Kulislerde anlatılan, gerçekliği şüpheli bir öykü var. Belçika ordusuna kadınların asker olarak alınmasına karar verildiğinde, askerlerin kıyafetlerini temin eden adamların sütyen alması gerekir. Uzun tartışmalardan sonra yetkililer tüm kadın askerlere seksen beden sütyen alınmasına karar verir ve alım yapılır. Komik. Ayrıca müthiş bir zaman, emek, para kaybı. Oysa tek bir kadına danışılsaydı, karar mekanizmalarında bir kadın dahi olsaydı şimdi bunu okuyup gülümsemiyor olacaktık. Hedeflediğimiz her noktada, aklımızdan geçen hedef kitle ne olursa olsun içinde engelli bireylerin olduğunu unutmamak gerekiyor. Verdiğimiz ürün veya hizmetin erişilebilir kılınması için yapabileceğimiz en etkili ve en kolay şey ise engelli bireyin her aşamada ekibimizin içinde olmasını sağlamak. Atacağımız adımların her aşamasında onun varlığını mümkün kılmak.
Engelli bireyi planlamaya ve çalışmaya dahil etmek bütçemizi gözden geçirmeyi gerektirecektir. Engelli bireyin süreçlerin her aşamasında olması, tüm aktivite ve planların içinde yer alması için öncelikle düşünce biçimimizi gözden geçirmemiz gerektiğini belirtmiştik. Böylesi kritik bir yaklaşım, ürünümüzün herkes tarafından tüketilebilir olmasını beraberinde getirecektir. Bu nedenle, ‘engelliliği nasıl görüyoruz’, ‘yeti kaybı bizim için ne ifade ediyor’, ‘yeti kaybı olan bireye nasıl bakıyoruz’ gibi temel soruları ve fazlasını tartışmalı, tartışmaların gerçekleşmesini sağlayacak zemini sağlamalıyız. Bu tür çalışmalar için bütçemizde kaynak ayırmak anlamlı olacaktır.
Kapsayıcı olabilmek çalıştığımız ortamı erişilebilir kılmayı da gerektirir. Erişilebilir ortama sahip olmak amacıyla neler yapabileceğimizi engelli bireylerle tarışmak anlamlı olacaktır. Ayrımcı olmayan yaklaşım her şeyden önce farklılıkların katılımına izin vermemizi gerektiriyor. Öyleyse katılım için gerekli harcamaları yapmak, bütçenin kapsayıcı olmasına izin vermek şart.
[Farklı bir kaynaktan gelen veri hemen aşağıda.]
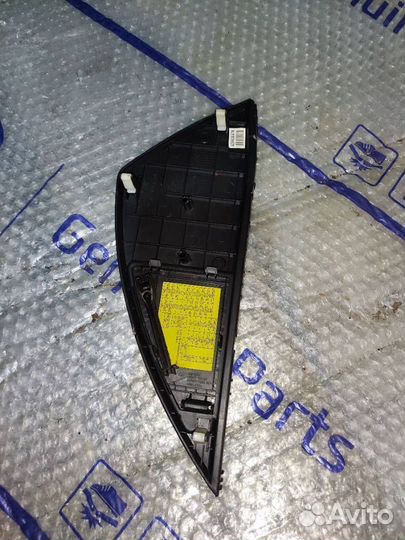 Накладка декоративная 847662к100 Kia Soul 2010 AM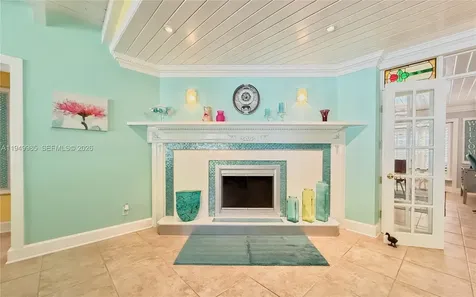 19280 SW 304th Street Homestead FL 33030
Engelliliğe dair her ne biliyorsak unutalım ve engelli bireylerin tam ve etkili biçimde toplumun parçası olmasına odaklanalım. O zaman kapsayıcı bir kalkınma için çalışıyor olacağız. Erişilebilir toplumlarda yaşıyor olacağız. Herkesin değerli olduğu, herkesin kendisini var etmesine olanak tanıyan bir sisteme doğru değişimin parçası haline geleceğiz.
Hepimizin bir kapasitesi var ve bu kapasite geliştirilebilir. Ben, dilediği zaman kendisini farklı biçimde tanımlayabilen, kendisini yine ve yeniden gerçekleştirebilen, bunun için olanağa sahip bireyin özgür birey olduğunu düşünüyorum. Ve böyle bir özgürlüğe erişmek için her zaman desteğe ihtiyacımız var gibi geliyor bana. Bir başkasına ihtiyacımız var. Octavia Paz, sevginin özgürlük üstüne oynanan vahşi bir kumar olduğunu söyler. Kendimizin değil, ötekinin özgürlüğü için oynanan bir kumar. İster ötekinin özgürlüğü için sevgiyle diyelim, ister erişilebilir, eşitlikçi toplum için, çabaya şimdi, burada başlayalım.
***
Yazıda:
(*) Kapsayıcı Kalkınma, ‘Inclusive Development’ kavramının karşılığı olarak,
(**) Engelliliği Kapsayıcı Kalkınma, ‘Disability Inclusive Development’ kavramının karşılığı olarak kullanılmıştır.